Metaphern für Rassenhass
Und noch eine weitere Hintergrundinformation: Die Ton-Köpfe im Fenster, die ebenfalls wie archäologische Fundstücke wirken, heißen "Strange Fruit für Jean Garand". Jean Garand ist der Führer der südsudanesischen revolutionären Bewegung, die gegen den genannten Völkermord ankämpft. Und Strange Fruit heißt ein Lied von Billie Holliday, nach einem Text von Lewis Allen:
Southern trees bear strange fruit Blood on the leaves Blood at the root Black bodies swinging in the southern breeze Strange fruit hanging from the poplar trees Pastoral scene of the gallant south The bulging eyes and the twisted mouth The scent of magnolia sweet and fresh Then the sudden smell of burning flesh Here is a fruit for the crows to pluck for the rain to gather for the wind to suck for the sun to rot for the tree to drop Here is a strange and bitter crop.

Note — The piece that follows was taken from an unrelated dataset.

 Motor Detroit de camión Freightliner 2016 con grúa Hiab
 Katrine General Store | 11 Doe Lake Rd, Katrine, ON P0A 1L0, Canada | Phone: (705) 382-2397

Mit diesem Text wird der Süden der USA zur Zeit der Sklaverei und des Rassenhasses beschworen. In Lynchjustiz aufgeknüpfte, an Bäumen hängende Schwarze als "fremde, merkwürdige Früchte" - eine kaum erträglich, furchtbare Metapher. Diagne Chanel überträgt sie auf Afrika, ein Kontinent, in dem über Sklaverei - auch heute - wenig gesprochen wird. Das bewegt die Künstlerin, darüber will sie sprechen - und sicher auch über viele andere Gedanken, die hinter ihren Bildern stehen, und über die Sie mit ihr persönlich sprechen können, wozu ich Sie herzlich einlade.